It turns out that the game five years ago set an AFC trend. Miller is now the most feared defender in the game and the defending Super Bowl MVP while Dalton and Green are gearing up for a sixth straight post-season  run.  Dalton leads the NFL in passing yards and Green is third in receiving yards.

"Dalton and Green connection is up there with the elite quarterbacks," Miller said. "It's right up there with Antonio Brown and Roethlisberger and its right up there with Aaron Rodgers and Jordy Nelson. They just have an incredible chemistry and you can really see their teammates feed off that. They have a lot of talent. They have two good running backs and a solid offensive line."

 _Sunday's game is a sell out and the Thursday night game against the Dolphins four days later on Sept. 29 is close with a couple of thousand tickets left. Tickets for the Miami game, featuring the Bengals in their Color Rush jerseys in an homage to the Cincinnati Zoo tigers, can be purchased by phone through the Bengals Ticket Hotline at (866) 621-TDTD (8383) or online atwww.Bengals.com/tickets.
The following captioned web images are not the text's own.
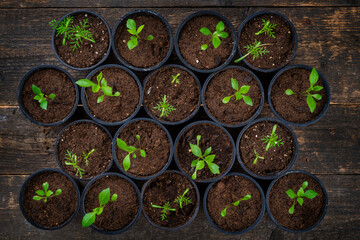 Recently transpanted young flower seedlings. Cutting flower seedlings gardening background. Top view on wooden background.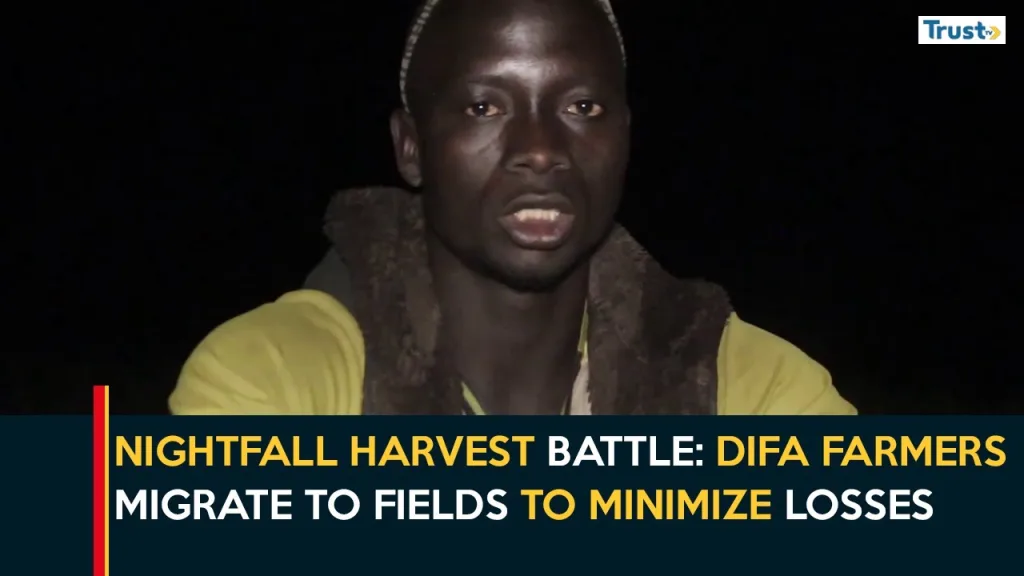Nightfall Harvest Battle: Difa farmers migrate to fields to minimize losses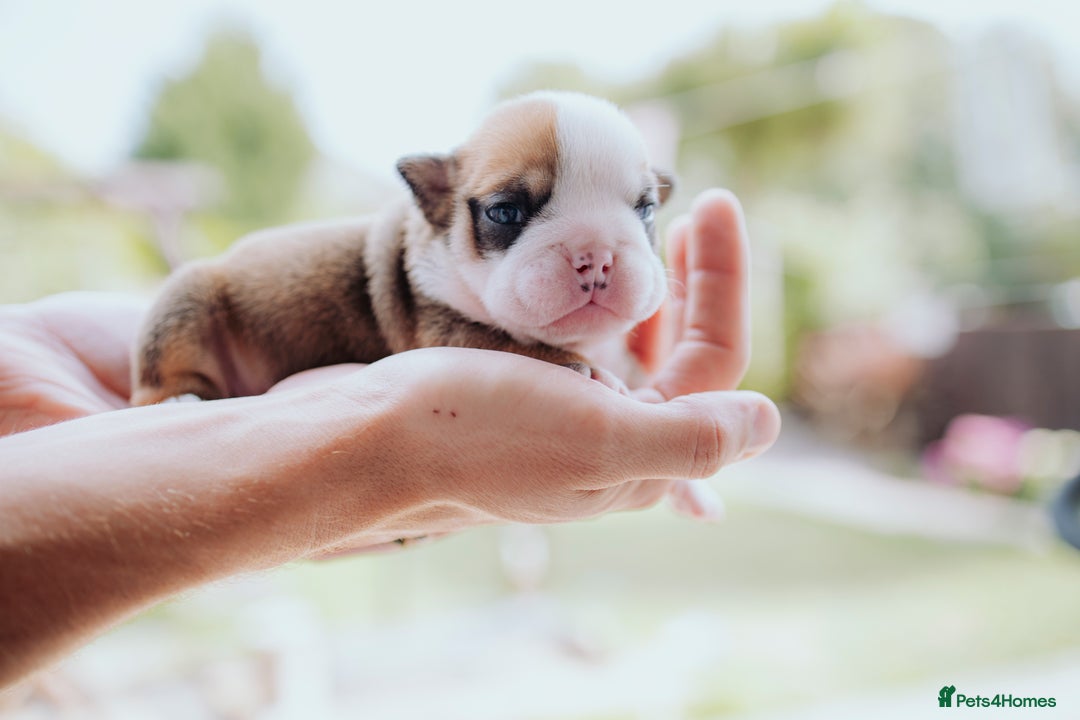 English Bulldog dogs for sale: Stunning litter of  English bulldog puppies - Image 12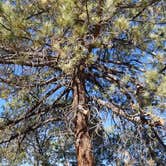 Review photo of North Shore Campground - Lake Almanor by Summer A., July 25, 2018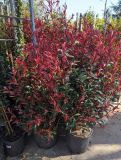 PHOTINIA CARRÉ ROUGE 40/60cm 8€50 l'unité pour 5 et plus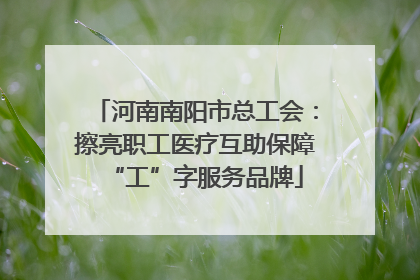 河南南阳市总工会：擦亮职工医疗互助保障“工”字服务品牌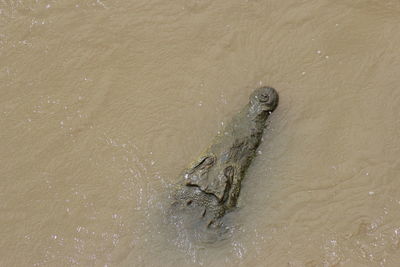 High angle view of fishes swimming in river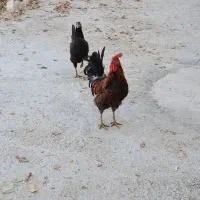 خروس محلی اصل|حیوانات مزرعه|مرودشت, استادیوم‎|دیوار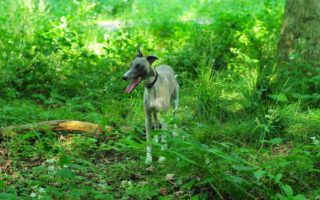 Laisse ou pas laisse pour mon Whippet : Un Whippet gris pâle se tenant dans un sous-bois verdoyant. Sa posture décontractée et sa langue pendante peuvent indiquer qu'il a passé un moment à jouer ou à explorer. La lumière filtre à travers les feuilles, créant un jeu d'ombre et de lumière autour du chien qui semble porter un collier, mais aucun signe de laisse n'est immédiatement visible dans l'image. L'ambiance est paisible et naturelle, et le chien semble profiter de son environnement.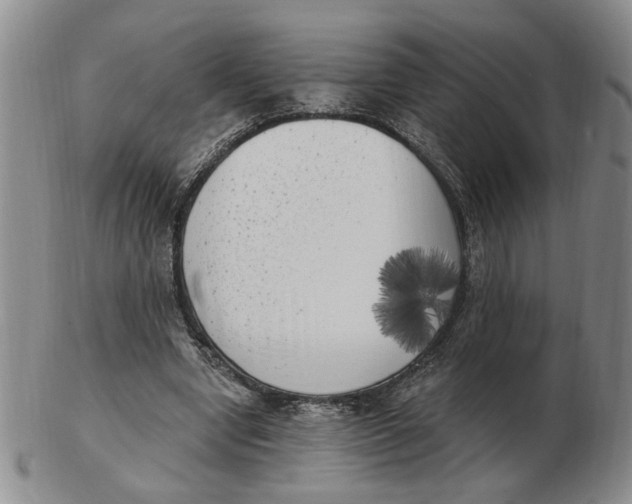 X0000102870442200809081209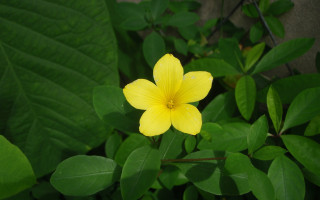 Yellow flower green bush gray - a green bush free wallpaper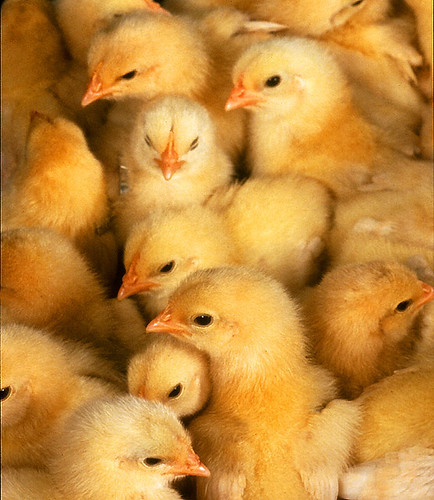 LitLinks: Kids see chicks hatch with their own eyes!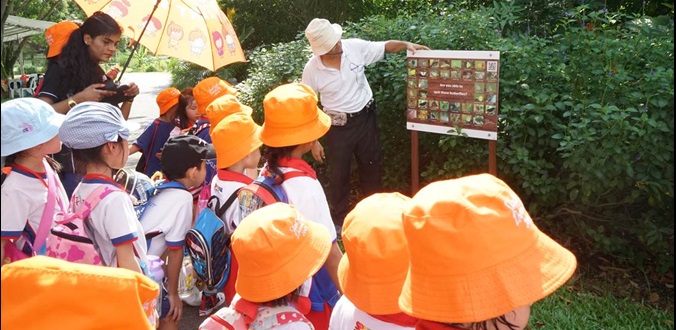 Preschool resources
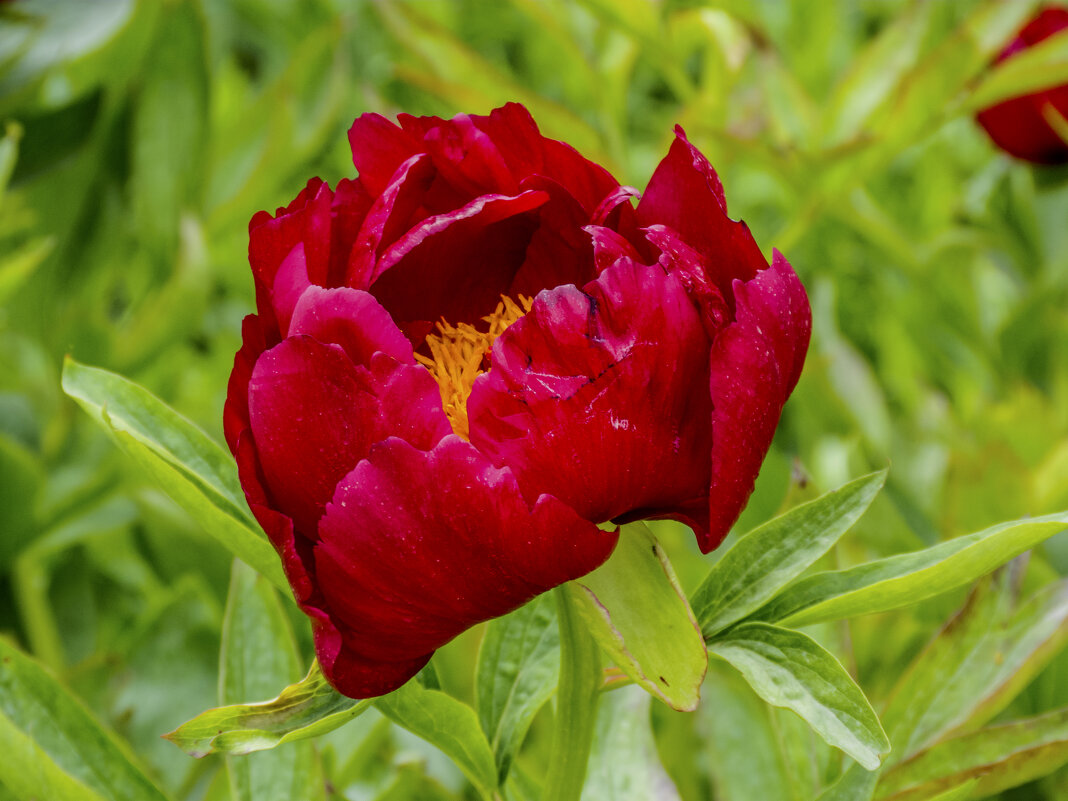 Красный древовисный пион - Валентин Семчишин Красный древовисный пион - Валентин Семчишин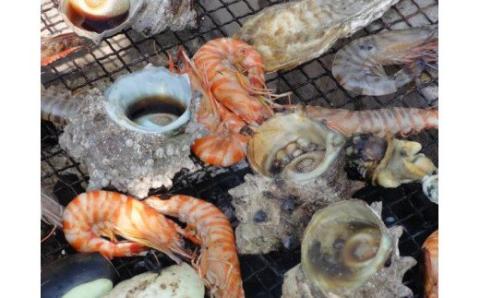 波多津の町おこしに参加ください！【思いやり型返礼品（協賛型）】 103-O003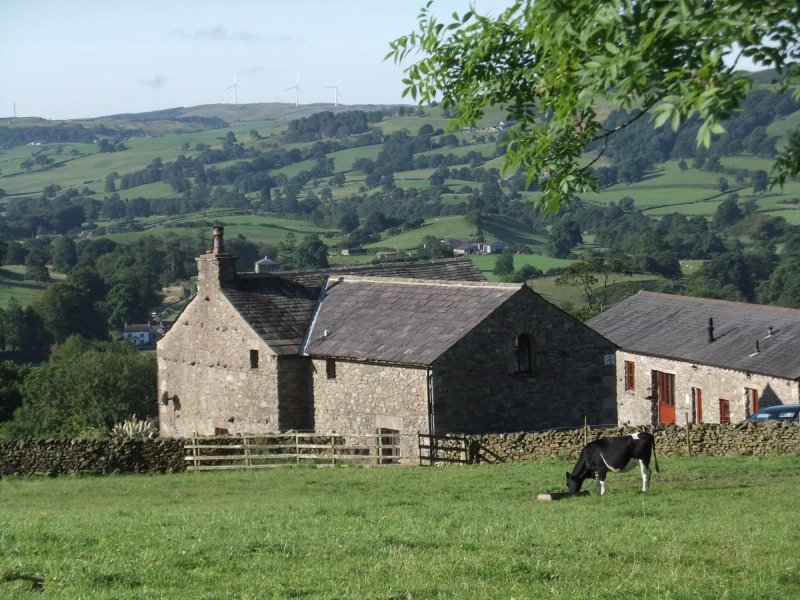 Ash Hining Farm
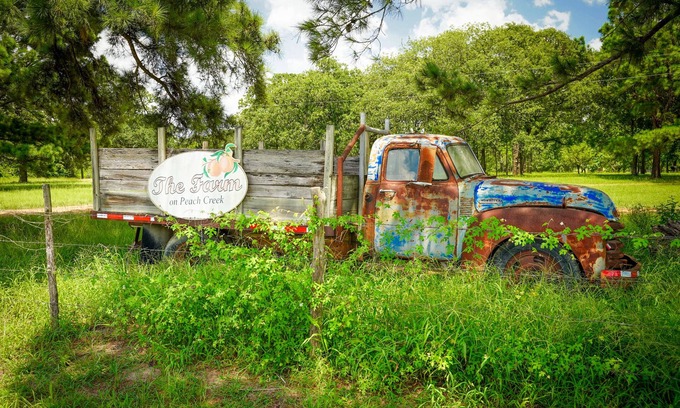 Jeddo Otro | The Baugh Farm-Country Living near ATX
_It's only his third NFL start, but already right tackle Cedric Ogbuehi faces what will be the biggest challenge of the first season of his career as a starter. But at least he knows him.

Miller, the Broncos sackmaster who has wrecked everything from the Panthers in the last Super Bowl to the Colts in the last moments last week, took Ogbuehi under his wing in his final year at Texas A&M.

No doubt a chicken wing.

"I taught him a few tricks of the trade," said Miller, who regaled the conference call with the Cincinnati media about his hobby of naming his chickens after teammates. "I hope he forgot some of them.

"He's like my little brother,' Miller said. "I called it that he would end up going to Cincinnati."

Ogbuehi hopes this meeting will turn out better than the few he had against Miller on the A&M scout team as a freshman.

"I was 18. A kid. And he was about to be a top five pick," Ogbuehi said. "It didn't turn out too good then."

 _Wide receiver A.J. Green missed practice Wednesday as he and wife Miranda awaited the birth of their son. Easton Ace Green arrived later in the day. Backup right tackle Eric Winston (back) and tight end C.J. Uzomah (ribs) were also out. Left tackle Andrew Whitworth had a veteran's day.

Quarterback Andy Dalton (hip) went full. Joining Eifert on the limited list were cornerbacks Dre Kirkpatrick and Darqueze Dennard (both hamstrings), wide receiver James Wright (knee), and defensive tackle Pat Sims (heel). Dalton has been getting treatment, but he's fine and not expected to make the status list on Friday.